RecoveryHandler basically follows the flow chart detailed in the Escalation Scheme section. When FPD_WDT times out, the code follows the progression of orange boxes. If WDT is not already in progress, Restart WDT, Set WDT_In_Progress flag, Raise TTC (timer 9) interrupt to TF-A. Then TF-A takes over. It Raises SW interrupt for all active cores, clear pending interrupts, etc. (see blue boxes). Essentially, PMU restarts and boosts the WDT, then sends a request to TF-A. TF-A cleanly idles all four APUs and when they all get to WFI (Last Active Core is true), TF-A issues PMU System Shutdown with APU subsystem as argument back to PMU. When PMU gets this command, it invokes APU subsystem restart.

If ENABLE_ESCALATION is not set, the code never takes the Do Escalation path.
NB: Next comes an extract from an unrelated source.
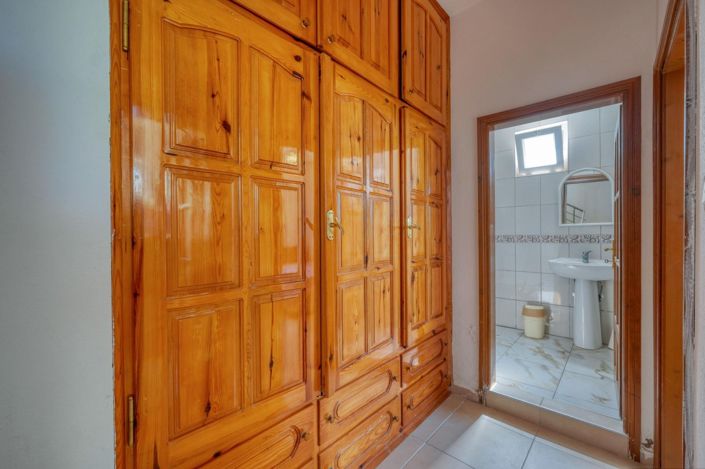 Image No.20-3 Bed Villa for sale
If the RecoveryHandler hangs for some reason (for example, something went wrong and APU cannot put all four CPU cores to WFI), it keeps retrying APU restart or hang forever. When ENABLE_ESCLATION is on and if anything goes wrong during execution of the flowchart, it will look like WDT is still in progress (since clear WDT_in_progress flag happens only as the last step), Do Escalation will call SYSTEM_RESET instead of trying APU-restart again and again.

To customize recovery and escalation behavior, use the provided XPfw_recoveryHandler as a template to provide a customized XPfw_recoveryHandler function.